▶ Work to complete: Repeat, word for word and with nothing added, each line from the one containing "Pentaglottis sempervirens" to the final line of the data, keeping both ends. Pictures are not part of the copy.

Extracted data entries

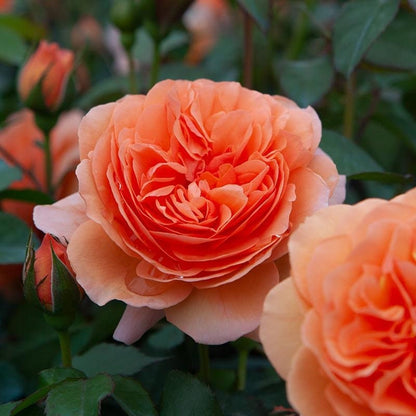 Chippendale 音乐馆，own root Shrub Rose. Fragrance. Continue Blooming . Disease resistance. German Rose. image 2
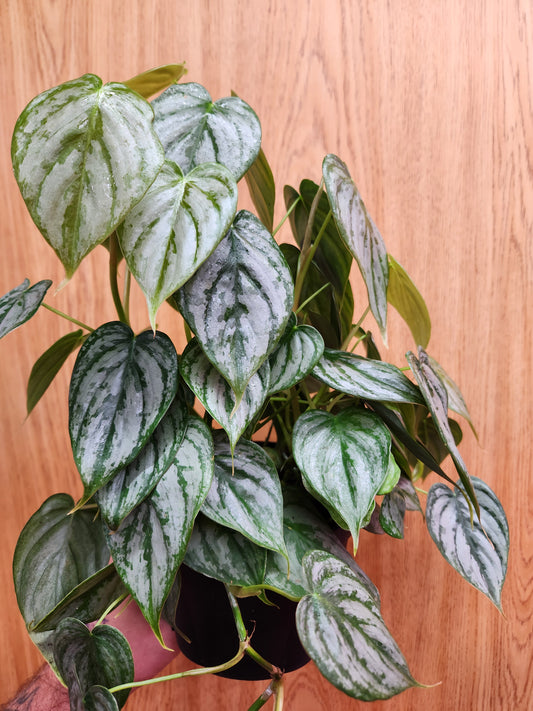 Philodendron Brandtianum 6" Pot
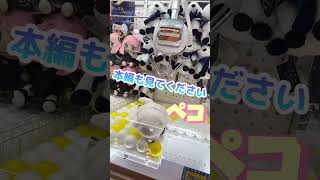 【スパイファミリー】ボンド欲しい〜【クレーンゲーム】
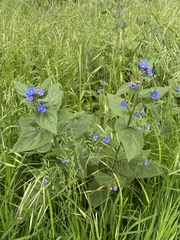Pentaglottis sempervirens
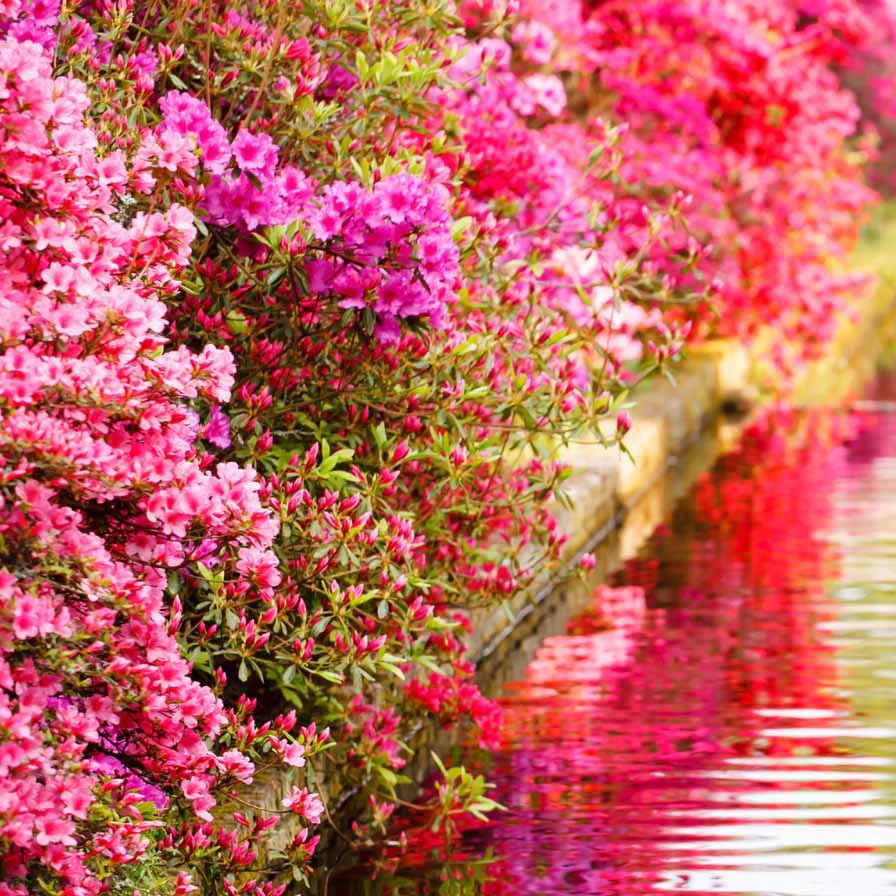 Azalée du Japon rose - Image 3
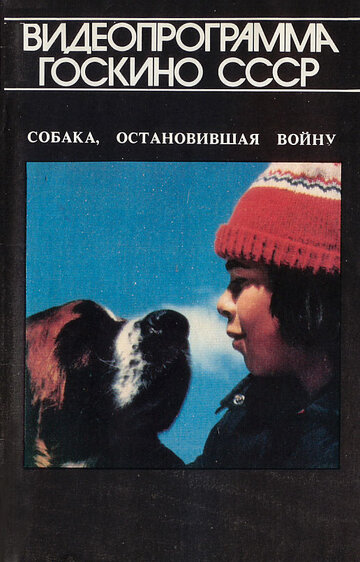 Постер Трейлер фильма Собака, остановившая войну 1984 онлайн бесплатно в хорошем качестве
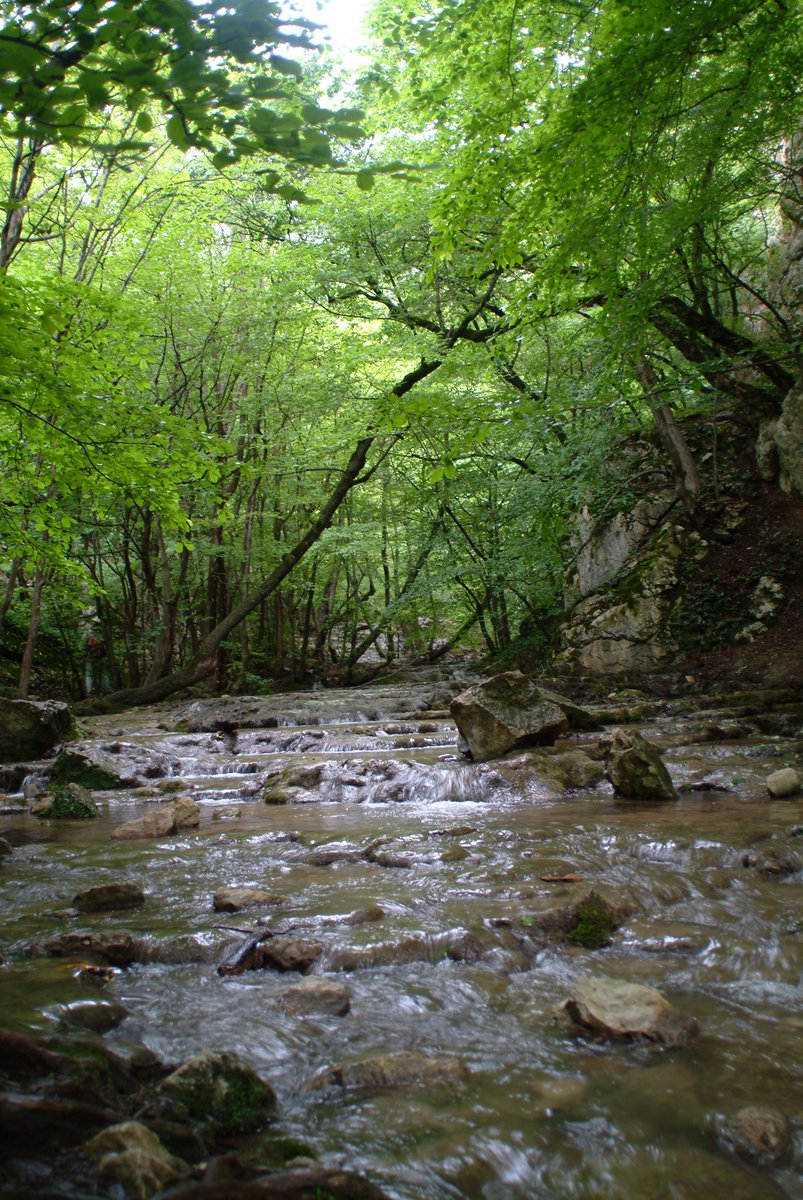 nasserkarami tweet picture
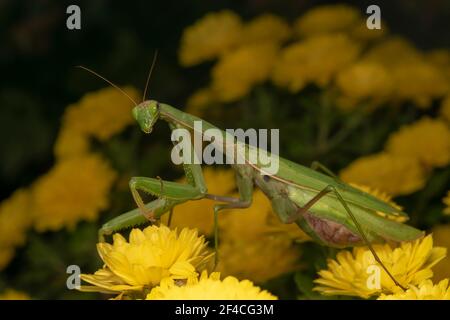 I Mantis in preghiera o i Mantis europei (lat. Mantis religiosa) è un grande insetto emimetabolico della famiglia dei Mantidae. Foto Stock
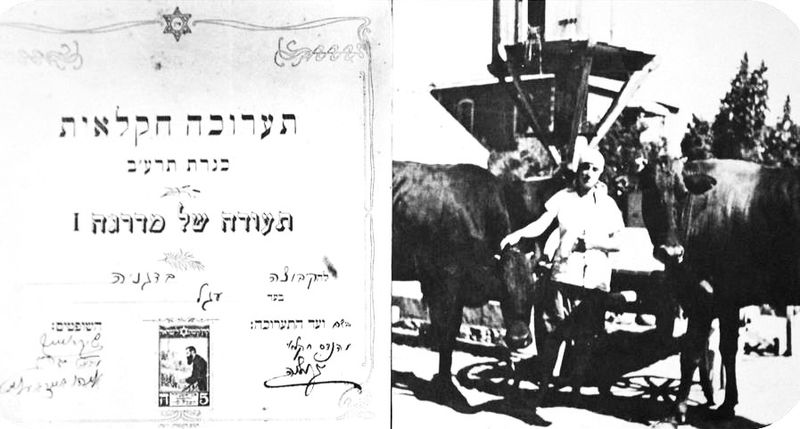 Файл:Дгания 1911.JPG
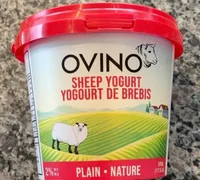 Sheep Yogurt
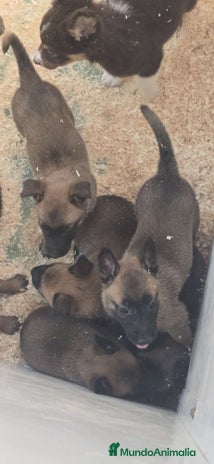 Pastor Belga Malinois perros - Anuncio 1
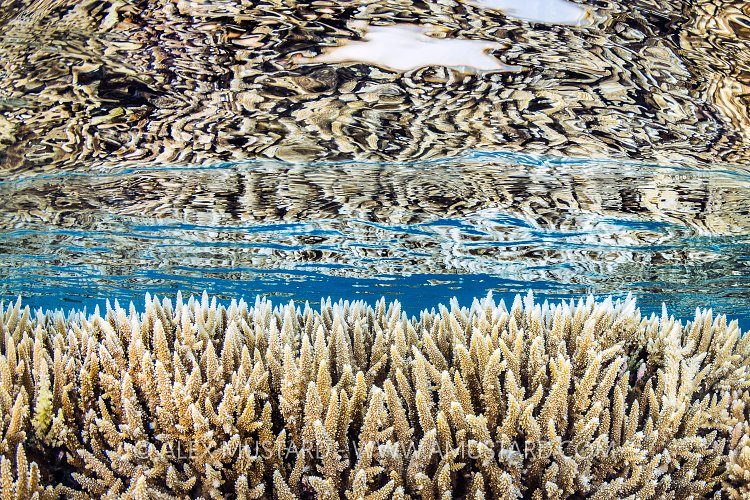 Shallow Corals. Egypt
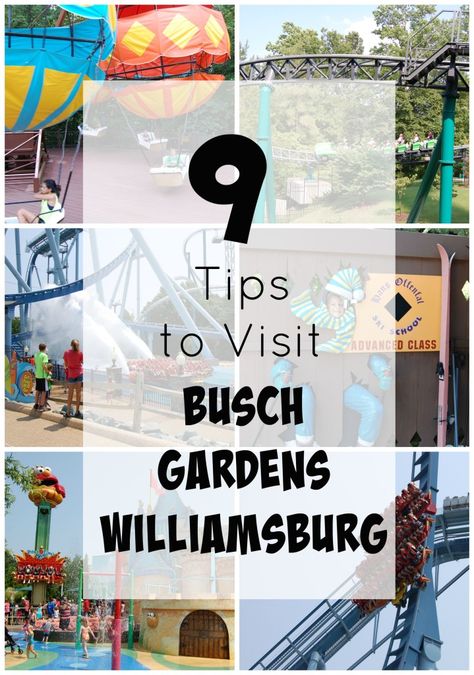 Tips for Busch Gardens Busch Gardens Virginia, Busch Gardens Williamsburg Outfit, Bush Gardens Williamsburg, Williamsburg Vacation, Busch Gardens Williamsburg, Bush Garden, Virginia Vacation, Summer Tips, Busch Gardens Tampa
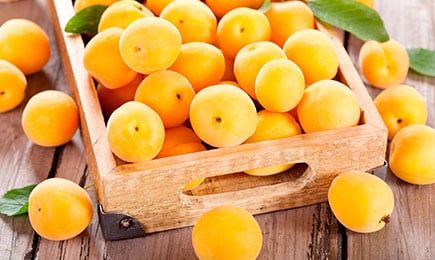 Honig Geschmack | Haus und Garten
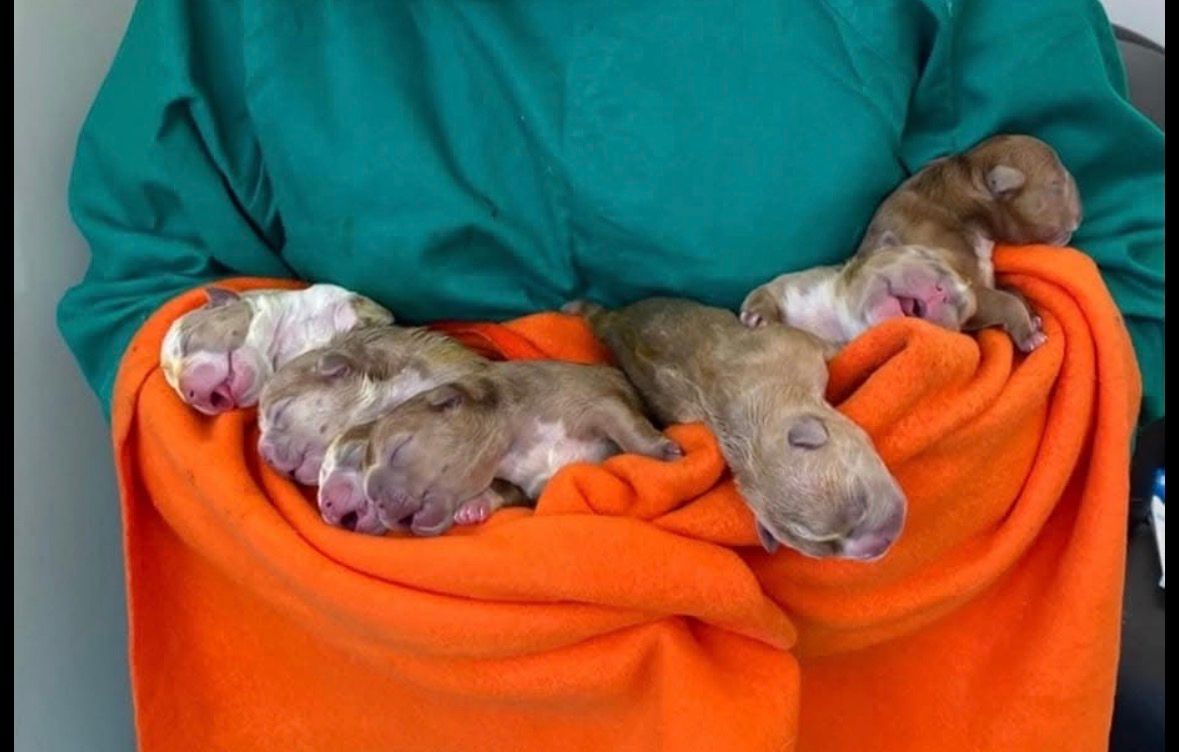pequeños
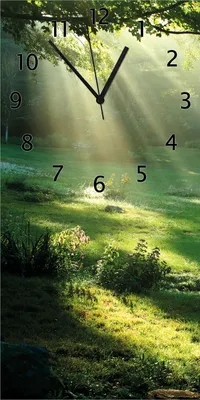 Produktbild von Wallario Design Wanduhr Sonnenstrahlen im Wald aus Echtglas, Größe 30 x 60 cm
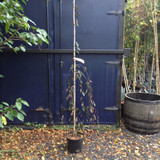 Malus 'Cheal's Weeping' - 175/200cm (10ltr)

▶ Solution to this task:
Pentaglottis sempervirens
 Azalée du Japon rose - Image 3
 Постер Трейлер фильма Собака, остановившая войну 1984 онлайн бесплатно в хорошем качестве
 nasserkarami tweet picture
 I Mantis in preghiera o i Mantis europei (lat. Mantis religiosa) è un grande insetto emimetabolico della famiglia dei Mantidae. Foto Stock
 Файл:Дгания 1911.JPG
 Sheep Yogurt
 Pastor Belga Malinois perros - Anuncio 1
 Shallow Corals. Egypt
 Tips for Busch Gardens Busch Gardens Virginia, Busch Gardens Williamsburg Outfit, Bush Gardens Williamsburg, Williamsburg Vacation, Busch Gardens Williamsburg, Bush Garden, Virginia Vacation, Summer Tips, Busch Gardens Tampa
 Honig Geschmack | Haus und Garten
pequeños
 Produktbild von Wallario Design Wanduhr Sonnenstrahlen im Wald aus Echtglas, Größe 30 x 60 cm
 Malus 'Cheal's Weeping' - 175/200cm (10ltr)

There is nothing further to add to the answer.